Pour les personnes concernées, c’est une lutte quotidienne. Si l’explosion d’internet a pu permettre à la communauté de se rassembler, elle pose également des problèmes lorsqu’il s’agit par exemple de prendre rendez-vous ou encore de régler ses impôts. S’il est difficile de savoir combien de personnes sont concernées, le professeur estime qu’une personne sur 1000 serait sourde profond, malentendant ou en difficulté auditive. À La Réunion, le nombre de formateur ne semble pas suffisant.
Monsieur Guerrini pointe également du doigt le manque de communication de la part des institutions ou autres structures touristiques. Les structures d’accueil touristiques sont encore trop peu nombreuses à inclure les sourds et malentendants, et le personnel rarement formé.
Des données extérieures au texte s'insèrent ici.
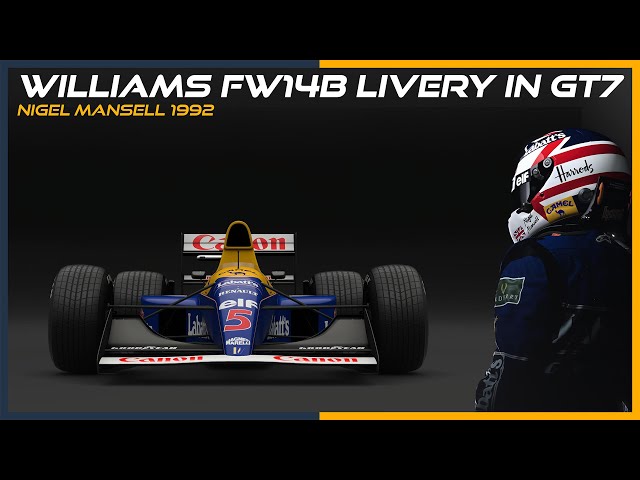 Gran Turismo 7 | Nigel Mansell´s Williams FW14B | 1992 Livery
Durant la période de confinement, la continuité pédagogique a été très difficile. Si certaines allocutions sont signés, elles sont rarement comprises dans leur entièreté par la communauté. Selon Jacques Guerrini, seulement 50% à 60% des doublages ont été compris. "Il s’agit d’un vocabulaire complexe et concernant la santé" explique Jean Jacques Guerini. Durant cette période, il a été sollicité pour retraduire, réexpliqué les propos des ministres ou du président de La République. Par ailleurs, ils restent parfois oubliés lors des grandes allocutions qui concernent pourtant toute la population "La ministre des Outre-mer est venue à La Réunion.Elle a parlé, elle a parlé pendant une heure, elle est parti, est nous ? Où sont les interprètes ? Ça ne va pas, on en a besoin nous", regrette Jacques Guerrini.